C’est le moment le plus dangereux de l’opération de secours et c’est pour ça que Médecins Sans Frontières laisse le bateau à grande distance. Ils font partir les zodiaques avec les gilets de sauvetage qu’ils distribuent et des interprètes qui parlent dans toutes les langues. Et seulement après ça, ils s’approchent.  Et même comme ça, il y a la panique du sauvetage ! Il y a des gens qui se jettent à la mer. Donc le désespoir produit des énergies de survie et l’espoir les gaspille, c’est le contraire de ce que l’on imagine, je suis contre l’espoir. Il y a un vers de Virgile qui le met dans la bouche d’Énée :  le seul espoir des vaincus est d’avoir aucun espoir, c’est comme ça, quand il n’y a aucun espoir les énergies sont énormes. L’insurrection de Varsovie c’était la réalisation, la preuve, l’exemple de la puissance du désespoir.

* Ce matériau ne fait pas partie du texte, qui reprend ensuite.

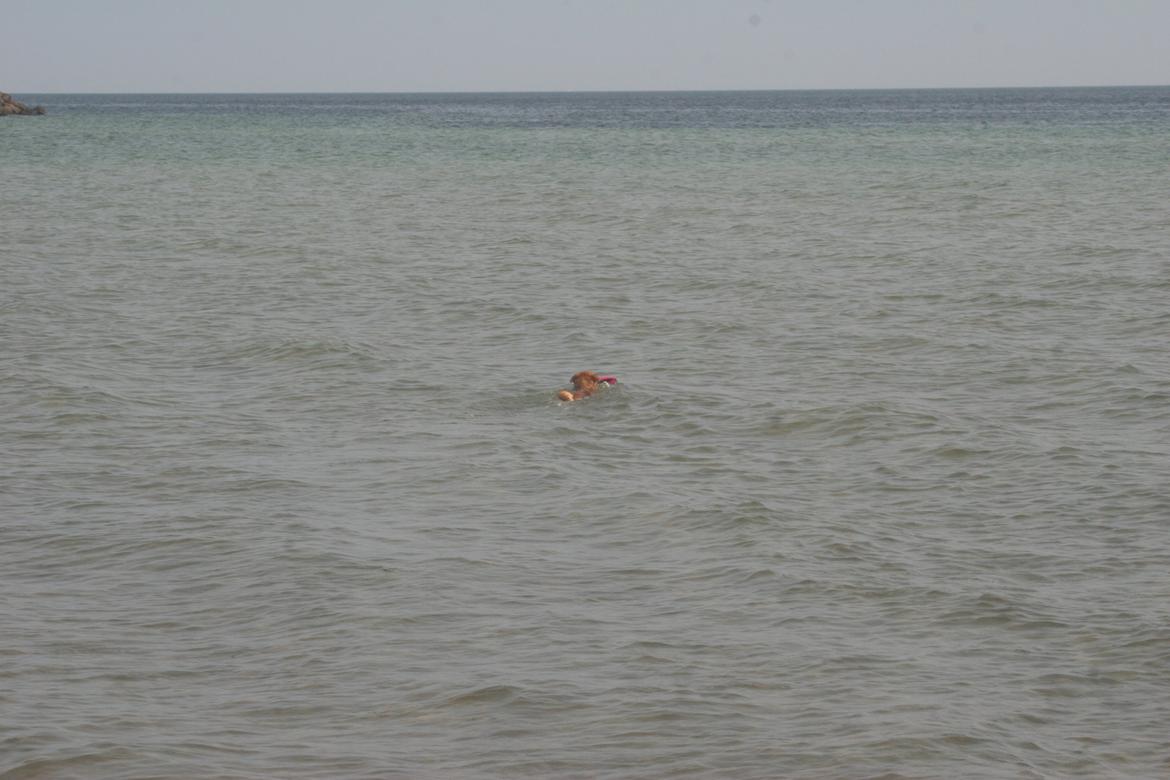 Ishøj Strand billede 46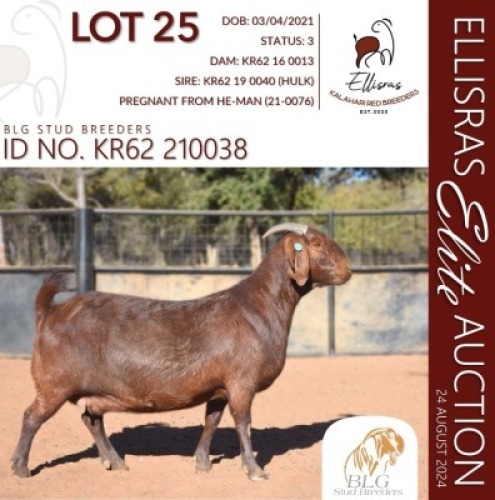 1X KALAHARI RED STUD 17-525 PREGNANT DOE BLG STUD BREEDERS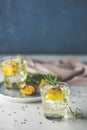Two glasses of Charred Lemon, Rosemary and Coriander Gin and Tonic is a flavors are perfectly balanced refreshing cocktail. on Royalty Free Stock Photo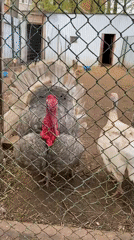 Morning visit to animal enclosures documented in Chaikovsky, Russia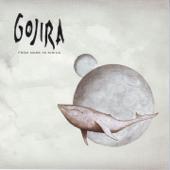 hit download From Mars to Sirius    GOJIRA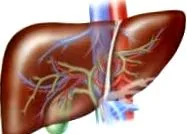 lefolyásuk hepatitis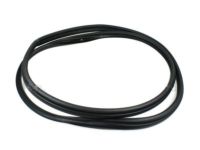 Ford 9G1Z-5420708-B Weatherstrip On Body, Front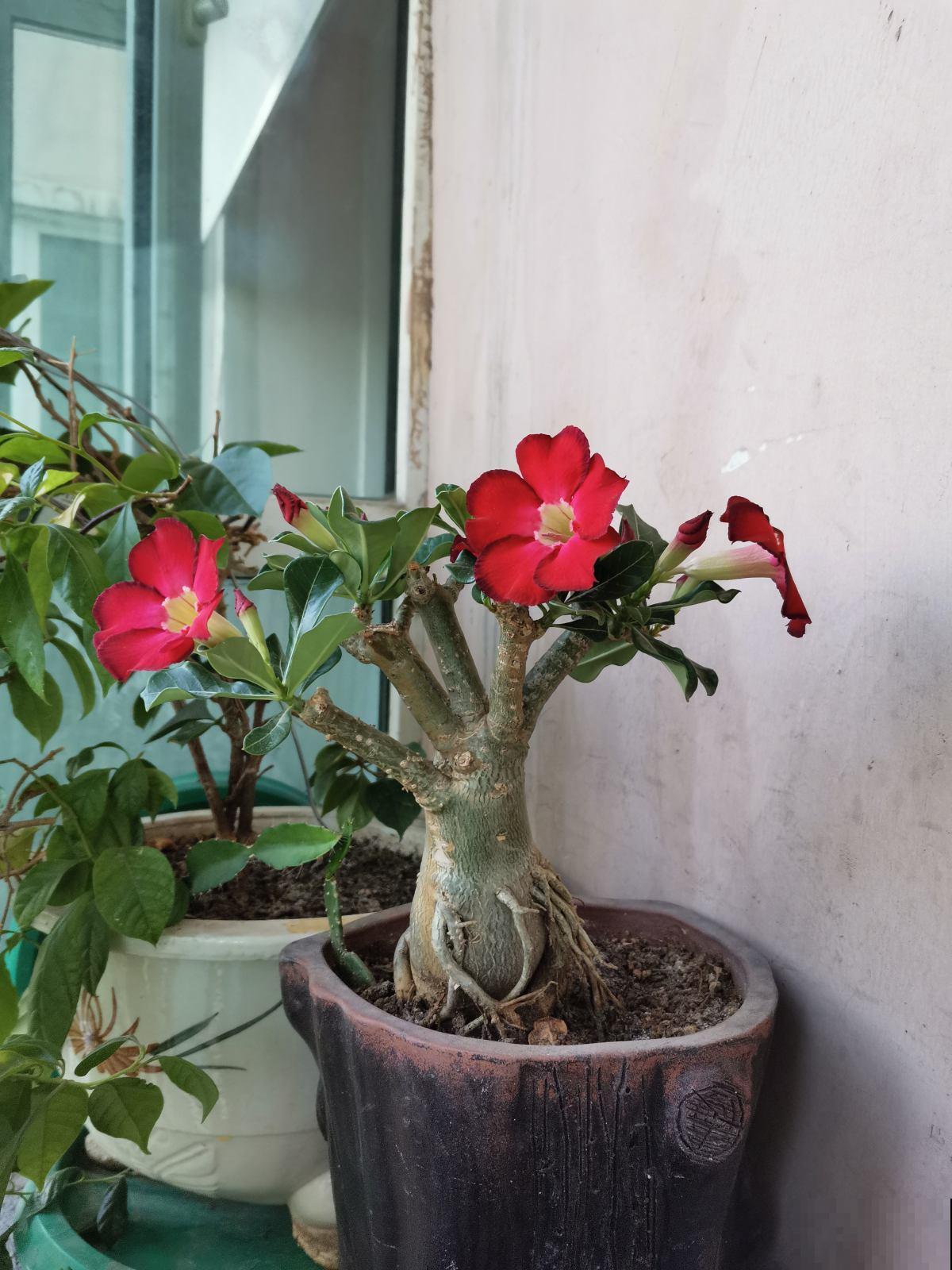 养花要注意,家中4个地方不能放花,后果承担不起 养花要注意,家中4个地方不能放花,后果承担不起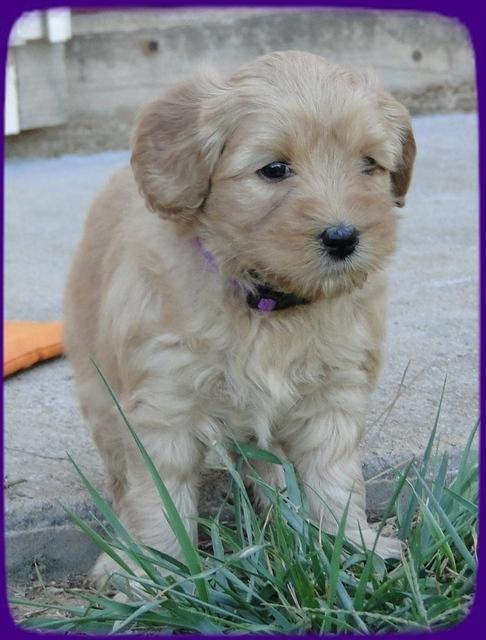 EB pups 5 wks old 31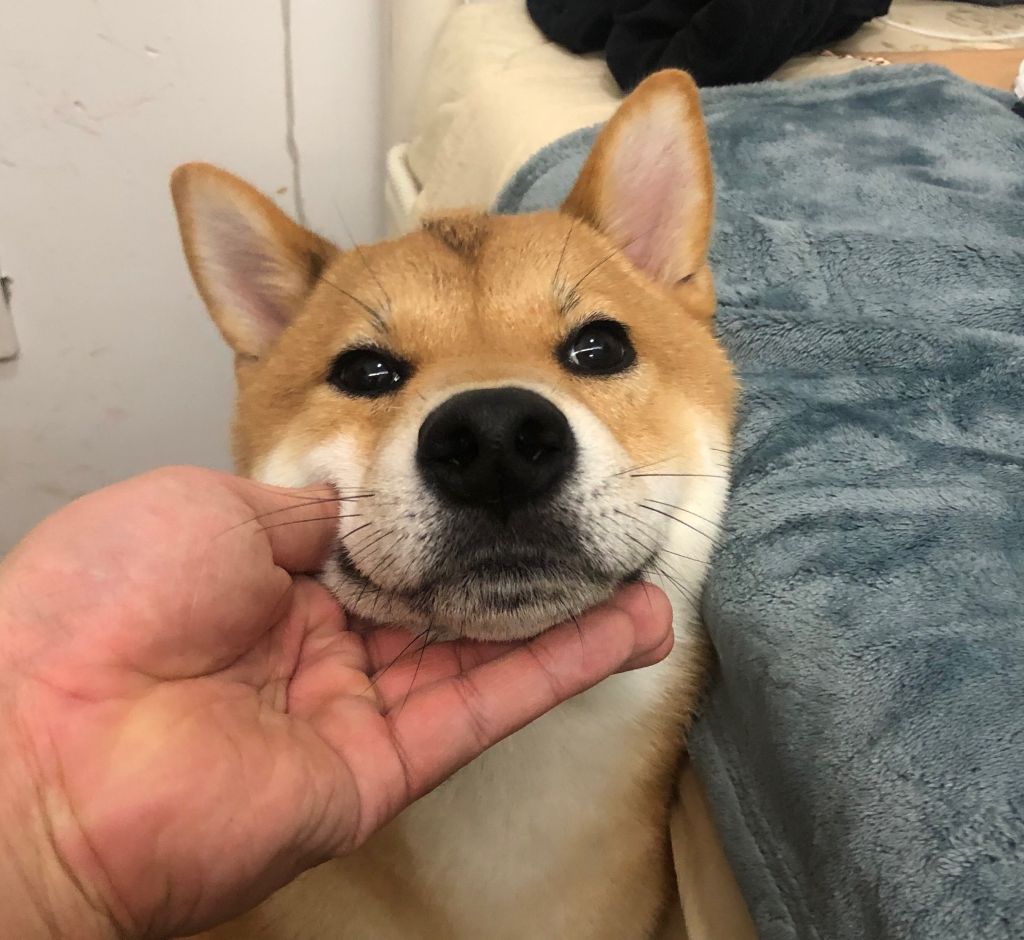 柴犬小时候长大差别真大啊。。。。 NGA玩家社区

Dans quel état étaient ces personnes rescapées ?

Ils étaient tous épuisés, même les jeunes les plus forts. Presque tous avaient besoin d’une aide pour monter l’échelle de corde. Il y avait des personnes qui poussaient et d’autres qui les tiraient pour les hisser. Arrivés à bord, ils se jetaient par terre par épuisement, par remerciements, pour baiser le sol du bateau. Ils étaient tout de suite soignés avec un kit qui faisait l’indispensable. On les appelait tous des hôtes, pas des migrants, tous hôtes. Ils montaient un à un à cette échelle de corde. J’ai fait de l’alpinisme, je sais ce que veulent dire les verbes monter et escalader, mais je suis plutôt entrainé à escalader du vide. Mais eux ils n’escaladaient pas du vide, ils escaladaient l’abîme le plus profond de leur vie, le point le plus bas. Ils remontaient directement du fond de leur perte générale, ils étaient nus, presque nus, aucun bagage, aucune nourriture, pas d’eau, rien du tout, ils étaient comme des corps prêts pour l’asphyxie de la mer, ils le savaient. Ils remontaient de cet abîme qui était au-dessous de la surface.  Ils remontaient d’un puit.

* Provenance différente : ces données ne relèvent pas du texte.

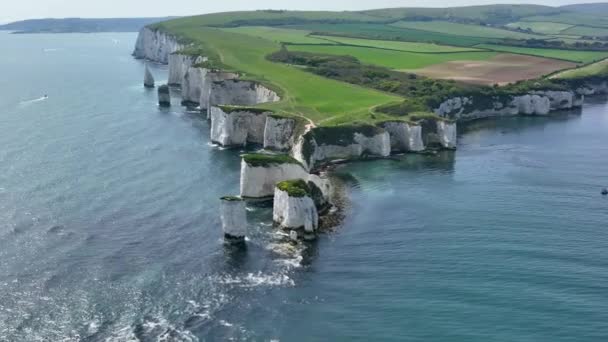 Chalk Cliffs Old Harry Rocks South Coast England — Stock Video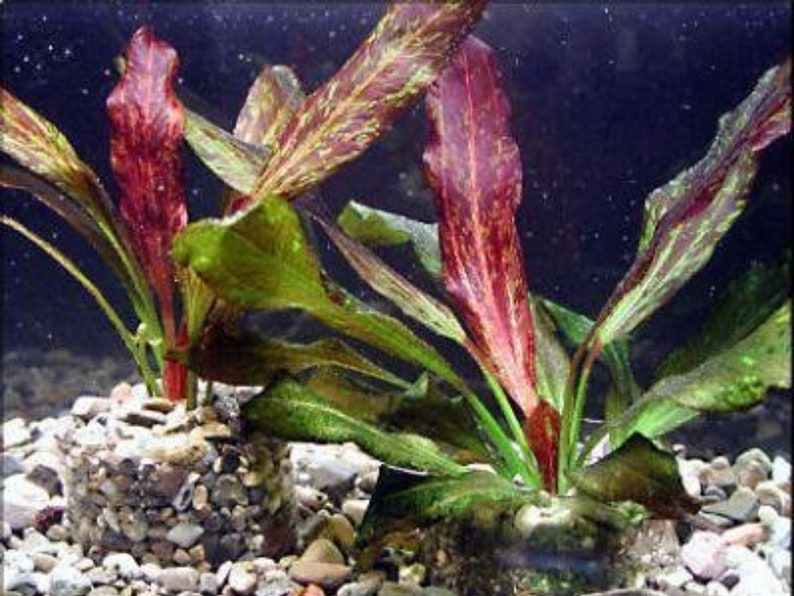 3x Red Flame Sword Echinodorus Red Flame Echinodorus Schlueteri Live Aquarium Plants Aquatic Plants image 5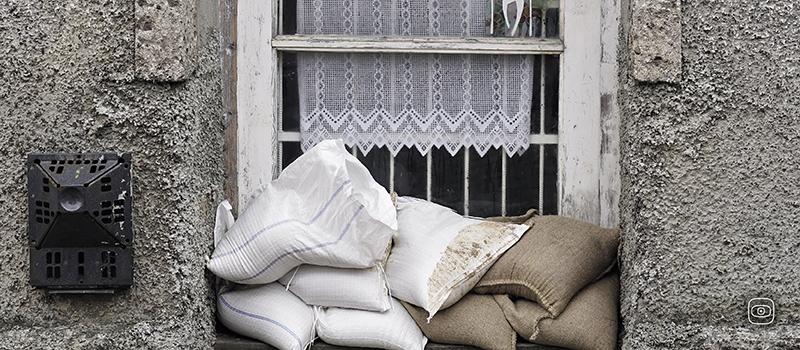 Adapting or Failing?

L’image de cette échelle de corde vous a marqué ?

Je suis habitué au vide, le vide me tient compagnie, là, non, là il s’agissait d’abîme, d’une profondeur que je ne connaissais pas, donc j’ai gardé pour moi, comme un tatouage, le format d’une échelle de corde sur le bord du bateau. Ça m’est resté. Et je voulais transmettre exactement cette échelle de corde comme petit détail qui renferme tout l’ensemble. Cette échelle de corde que j’ai même photographiée.

Vous avez éprouvé le besoin de garder cette image, est-ce pour la montrer ?

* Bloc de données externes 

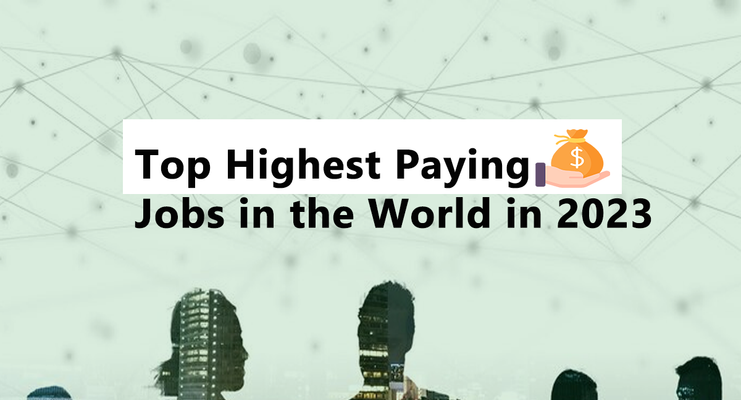 Top 20 Highest Paying Jobs in the World in 2023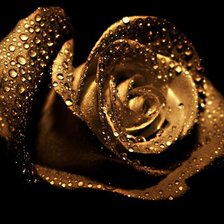 Схема вышивки «Золотая роза»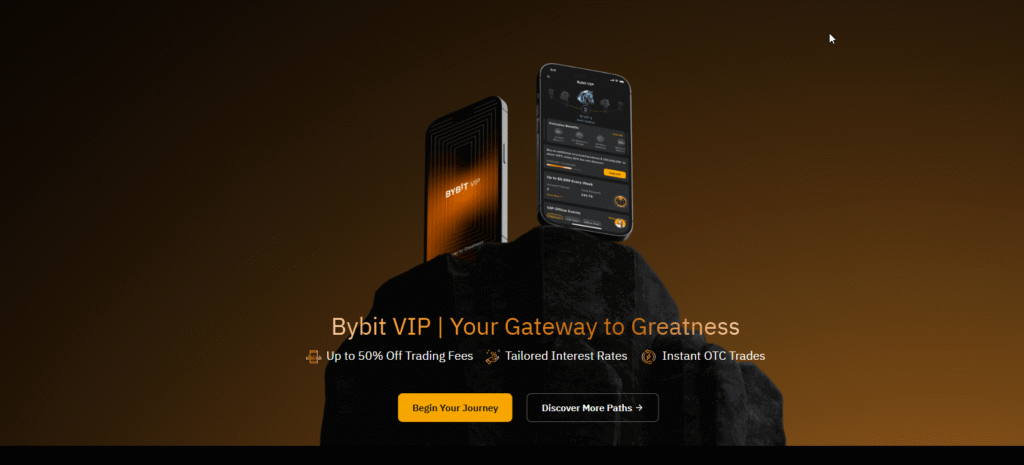Bybit VIP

Pour la montrer, oui, c’était la photo de mon tatouage. Mes tatouages sont à l’intérieur de la peau, et je les connais, je les vois.

Comment se passent les jours qui suivent le sauvetage ?

Nous avons fait ces interventions au large de la Libye, à 20 miles, 30 miles, au bord des eaux territoriales, donc c’est très loin, il fallait deux nuits pour arriver sur les côtes italiennes. La première nuit c’est une nuit de remerciements. Ça veut dire qu’ils prient. Ils chantent. Et la deuxième nuit, s’il y a de la danse, c’est danse ! C’est la fête. Ce sont des personnes qui dans tout leur voyage ont payé cher chaque mètre qu’ils ont parcouru. Dans des conditions et des moyens de transport les pires ! Et là, à bord, ils ont le meilleur moyen de transport et gratuit ! Donc on a envie de faire durer ce voyage à l’infini. De ne jamais débarquer, de visiter le port, et de continuer comme ça. Ils ne se retrouveront jamais ensemble et accueillis comme êtres humains comme cela se produit à bord de ces bateaux.

Ces gens sont des sauveurs. Nous avons besoin à notre époque de sauveurs. Privés ! Qui le font pour leur conscience personnelle d’êtres humains. Par contre les états les laissent se débrouiller dans la mer, et arrive qui peut, les autres peuvent se noyer !

Dans ce moment nous sommes complices du pire ! Les gardes libyens sont des pirates ! Ils agissent dans les eaux internationales. Ils prétendent soustraire les sauvés aux sauveurs ! Comme leur butin à ramener à l’arrière ! Ils considèrent les sauveurs comme des voleurs ! Des voleurs de vies qui leur appartiennent ! Et notre système économique et politique, notre État, l’Europe aussi, laissent les choses se passer comme ça !

Donc c’est devenu pire qu’avant. Je me demande à quel pire il faut continuer à s’habituer.

Que deviennent ces hommes et ces femmes après leur débarquement ?

Il y a un proverbe espagnol qui dit : « donne de la chance à ton fils et après, jette-le à la mer », c’est les mots : bonne chance ! Il n’y aucun système d’accueil régulier, parfois il est très bien, parfois il est horrible et on les remet dans l’esclavage moderne, dans des baraques où ils sont exploités pour leur force de travail. Il y a des endroits où ils sont bien accueillis d’autres où ils sont mal accueillis !  En Libye, il y a un esclavage total, ils sont forcés de racheter à nouveau le prix de leur liberté sans être sûr que le prix de l’achat soit suffisant parce qu’il y a les bandits, les pirates libyens officiels, qui vont les ramener en arrière.  C’est un esclavage pur et ancien, ici c’est un esclavage économique.

Pensez-vous que les populations européennes sont bien informées ?

Pour moi la désinformation est volontaire, aujourd’hui. Personne ne peut dire : je ne savais pas ! Je n’ai pas voulu savoir ! Ça c’est plus efficace ! Parce que contre cette situation l’information est inutile. Ils ne veulent pas savoir. Ils veulent se défendre comme ça et ne pas savoir.

Pourtant les photographes, par exemple, pensent qu’il est important de montrer les choses, de témoigner, nous-mêmes dans les publications de Newsfromphotographers, nous souhaitons proposer ces informations, pour qu’elles soient disponibles, après chacun en fait ce qu’il veut. Et vous pourquoi écrivez-vous sur ces sujets ?

J’apprécie et j’admire ce travail de documentation, mais personnellement je me sens comme quelqu’un qui passe dans une ville, qui crie et il y a un gamin qui me dit : mais qu’est-ce que tu cries? Tu vois que personne ne t’écoute ! Pourquoi tu cries ?

Alors je lui réponds : Je crie parce que je ne veux pas être comme eux!

Pour moi c’est une question de relation avec moi-même. Sinon je ne pourrais pas… je ne peux pas me soustraire. Il y a des tâches qui m’arrivent, me tombent sur le dos, auxquelles je ne peux pas me soustraire.

C’est ma seule manière de réagir, de me comporter. Je le fais pour moi-même.

Je le fais par obéissance au fait d’être moi-même et aussi quelqu’un qui peut écrire des choses, qui a cette spécialité, d’écrire.